Traditional speech recognition methods have a shallow learning structure and drawbacks. DNNs have made significant progress in speech recognition in recent years but may cause overfitting and poor generalization in low-resource scenarios. Convolutional Neural Networks (CNNs) is a type of neural network that seeks to address some of these problems.

In 2014, CNNs were used [1] for speech recognition in this study, where the structure of the CNN directly accommodates specific sorts of speech variability. Their hybrid CNN-HMM method delegated temporal variability to the HMM while convolving along the frequency axis created invariance to minor frequency shifts, which are common in real-world speech signals due to speaker variances.
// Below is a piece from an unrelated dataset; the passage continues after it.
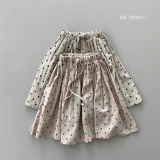 DE MARVI Kids Toddler Linen Tencel Dots A_line String Casual Skirts Girls Summer Fashion Wholesale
In 2014, the scalability of an ASR strategy was studied [20] based on CNN, which takes the raw speech signal as input to a considerable vocabulary challenge in this study. Their experiments on the Wall Street Journal corpus revealed that the CNN-based system outperforms the ANN-based system, which uses standard cepstral characteristics as input. In 2018, a CNN-based model was proposed [18] whose key aspect of weight connectivity, local connection, and polling result is that the system has been thoroughly trained, resulting in superior testing results. Experiments on wideband speech signals show that the system's performance is much improved compared to the previous technique. In 2020, a one-dimensional CNN was proposed [27] using a multilayer perceptron to extract and classify learned features. On a specified dataset of 119 speakers speaking Kurdish digits (0–9), the proposed models are tested and got average accuracy of 98.5% on speaker-dependent and 97.3% for speaker-independent. The discussion of the related work is summarized in Table 2, stating similarities and differences among them.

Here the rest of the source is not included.